Sandy could be Isolde or any of those, & could appear at court “unknown,” for these people respect each other’s romantic projects & lies, & none would have let on.
He passionately loves her, but
At the end she comes out of scarlet fever deaf, & he knows she will soon be dumb; the only obstacle to their union being thus removed, he resolves to marry her
Mark Twain wrote this page of notes sometime in the summer of 1887 on the Keystone Linen (1) paper that he used for much of the first half of the Connecticut Yankee manuscript. Howard G. Baetzhold suggests that Mark Twain may have written the page early in the summer ( MT&JB , p. 14).
appendix.
Make an appendix in support of the assertion that there were no real gentlemen & ladies before our century.
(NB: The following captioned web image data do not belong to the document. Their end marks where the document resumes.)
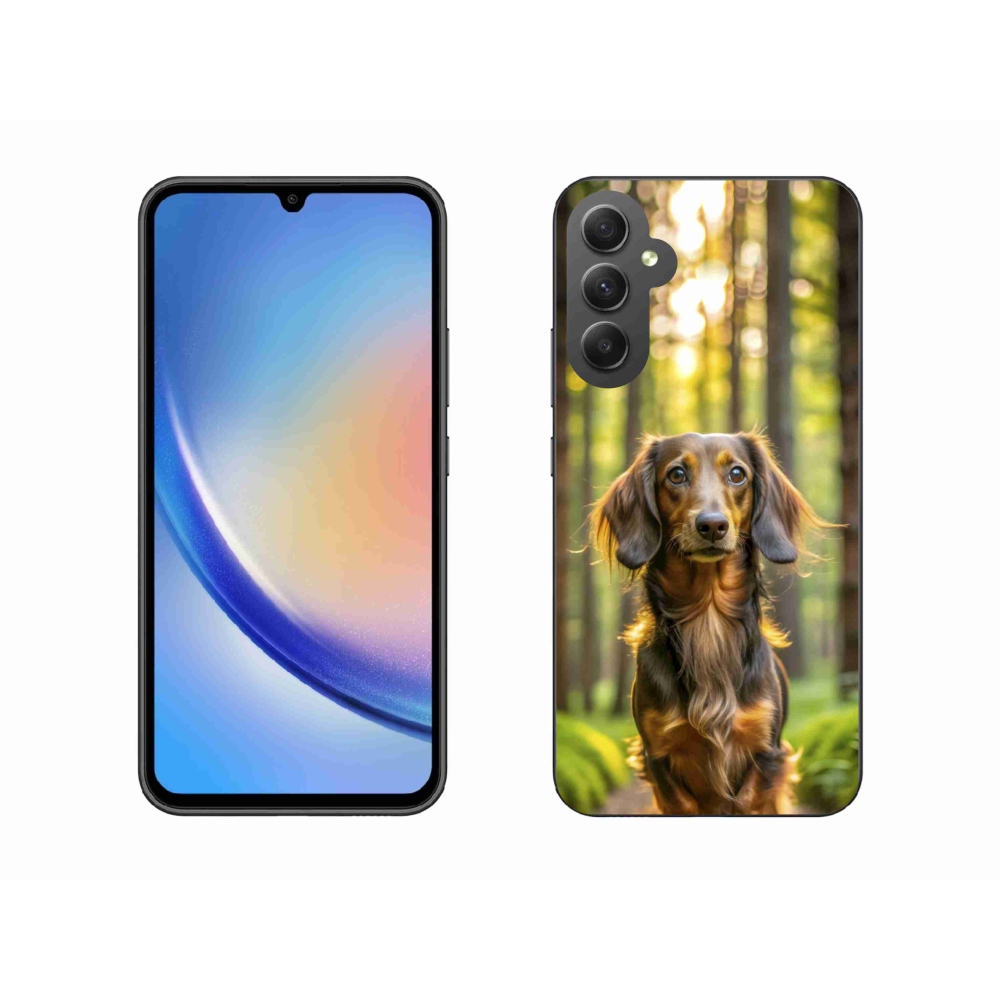 Zselés borítás mmCase Samsung Galaxy A34 5G - tacskó 4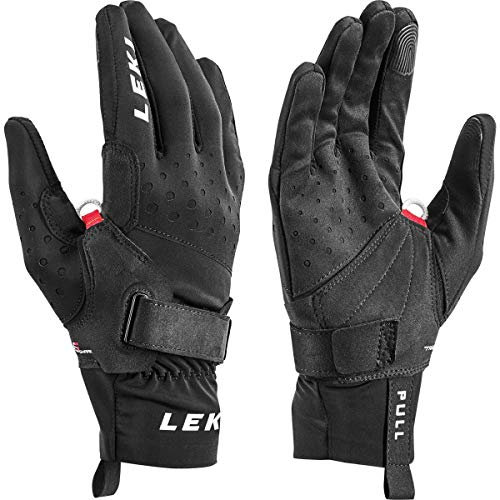 LEKI Unisex-Adult Sporting Goods, Schwarz/Rot, 11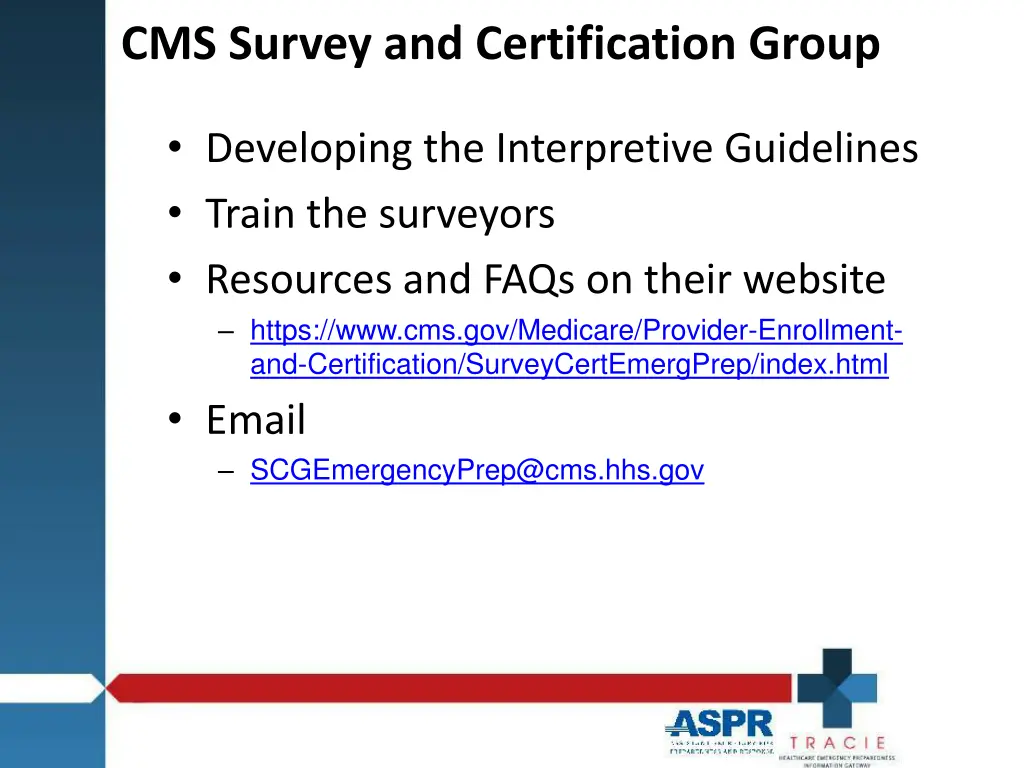 cms survey and certification group
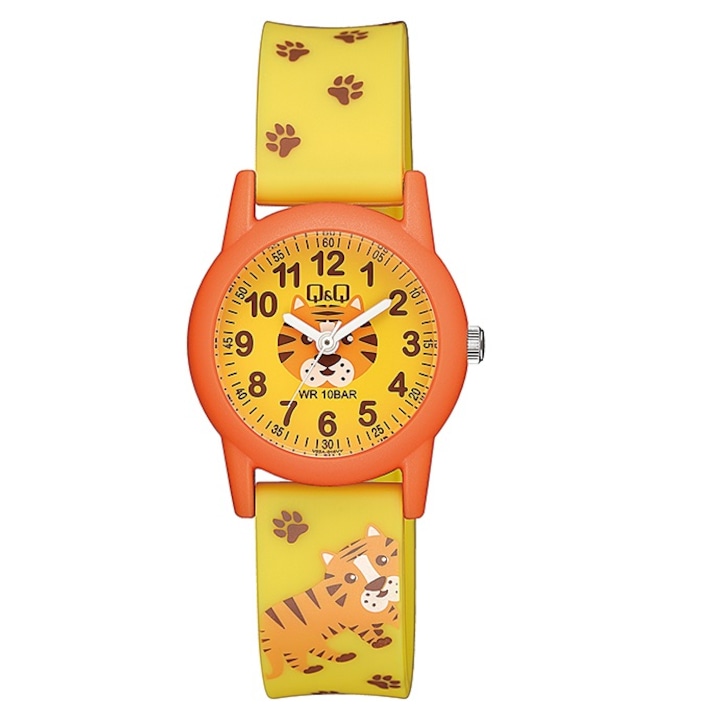 Детски часовник Q&Q V22A, Тигър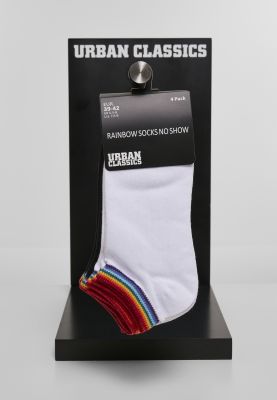 Rainbow Socks No Show 4-Pack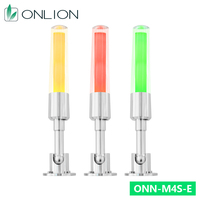 Luz Indicadora de Estado de Máquina ONN-M4S-E al por Mayor, Luz de Apilamiento con Logotipo Personalizado para Línea de Producción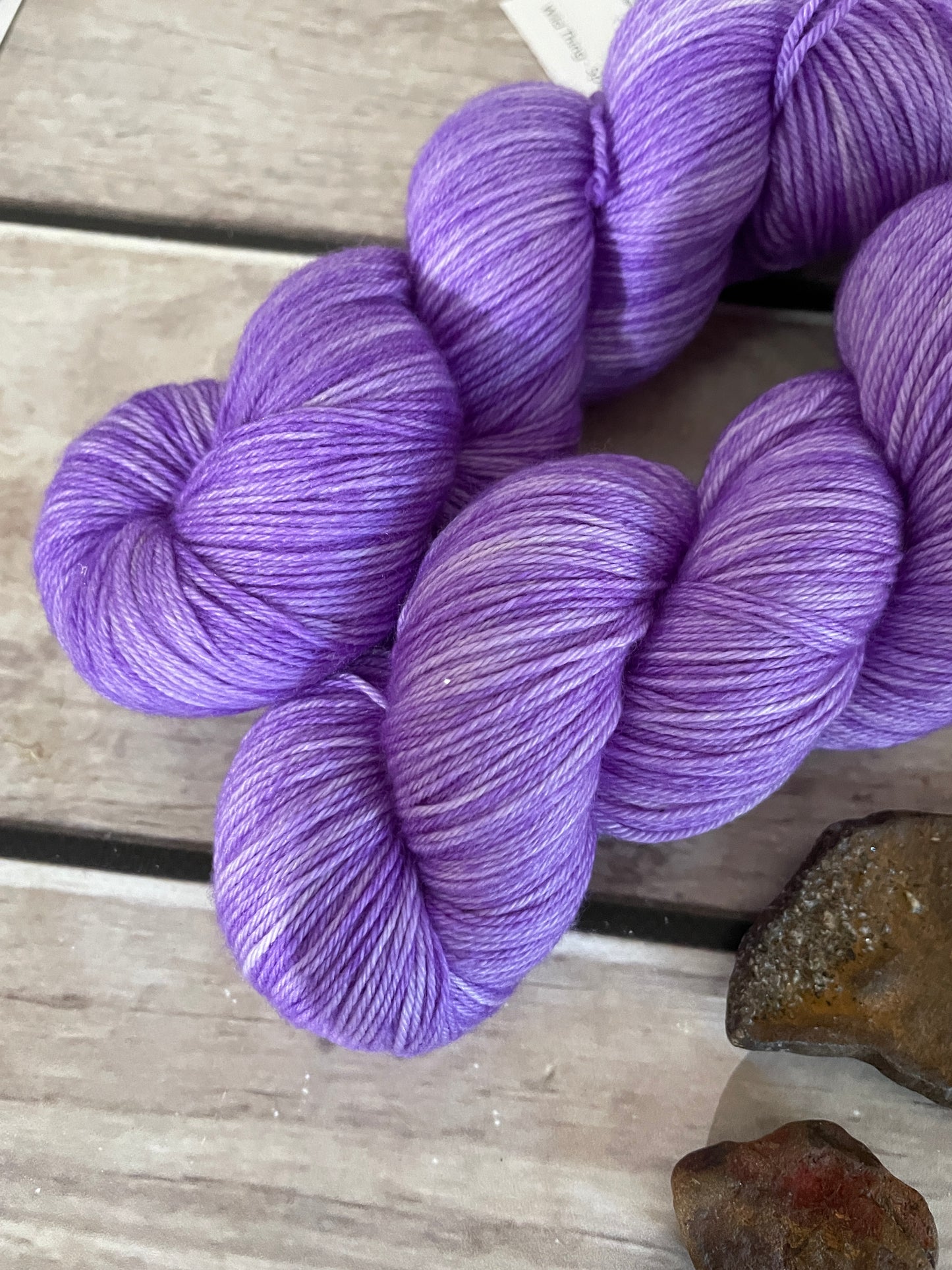 Wild Things - Splat! on Darjeeling merino and nylon 4 ply sock yarn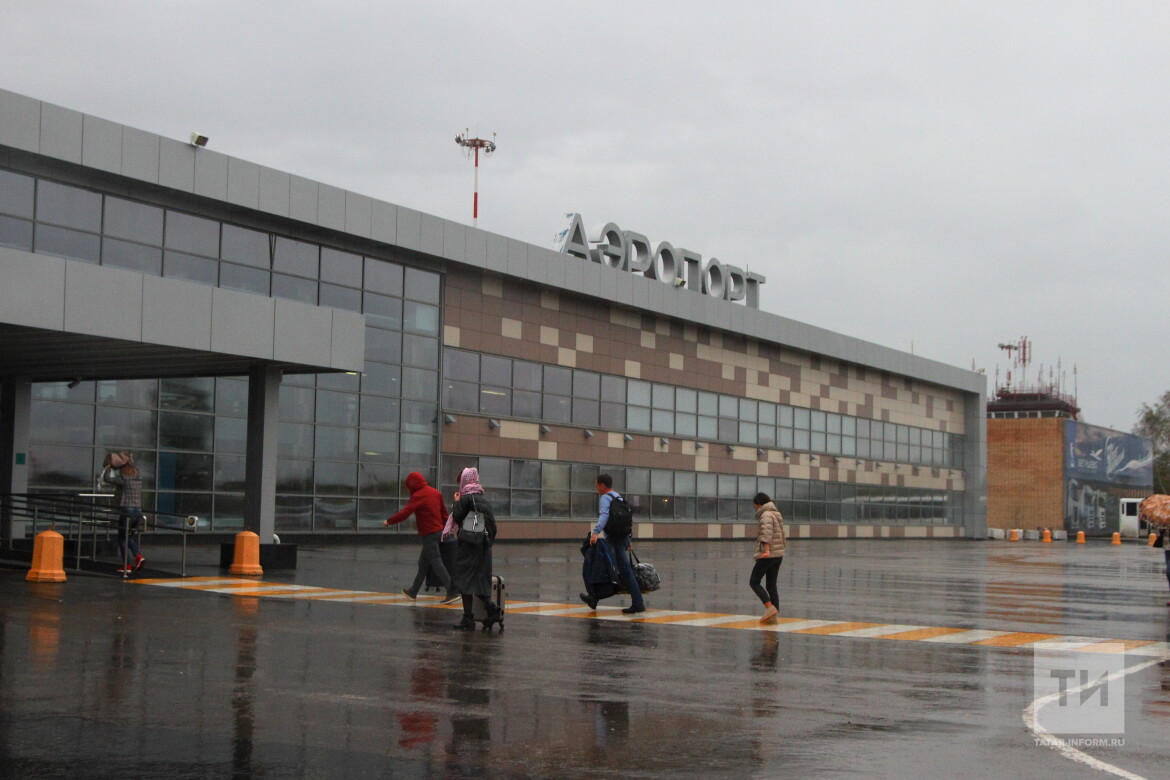 Аэропорт нижнекамск прилеты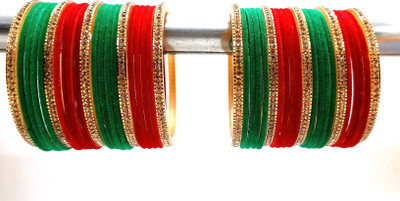 Soniaa Creation Metal, Plastic Bangle Set(Pack of 42)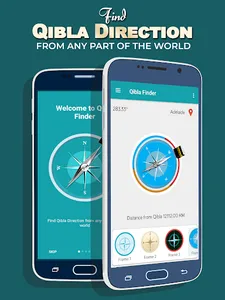 Qibla Direction Finder screenshot 1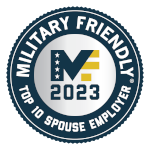 Military Friendly Top Ten Spouse Employer Logo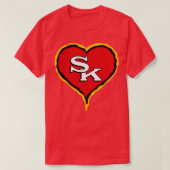 Swift Kelce Chief Heart T-shirt (Design voorkant)
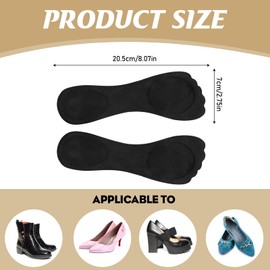 3 Stücke Schuheinlagen Gel Einlagen für Schuhe Damen Einlegesohlen Anti Gel Einlegesohlen Vorfußpolster Anti-Rutsch Unterstützung Lindert Fußschmerzen Geeignet für Männer und Frauen(Kunstleder)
Take the incident of the chamber-pot from Madame Campan—& some others. & remark that in morals Louis XVI was the cleanest man of his century). Instances from “ l’ancien Regime of Taine; from St Simon et al. Refer to Fielding’s chief novels, & Richardson’s, & Miss Burney’s, & even Vicar of Wakefield; giving instances where printable & explaining that others (note their places) are not. Take that death scene from Rousseau’s Confessions—& she was a lady. Look into Standring’s book, & Zola’s, (to show that modern French are the same yet) Herbert of Cherbury, Benvenuto, & Margravine of Beyreut—(get the latter in French.) Scene in Campan where L XV lies stabbed by Damiens. Take from Mad. du Barry—French edition.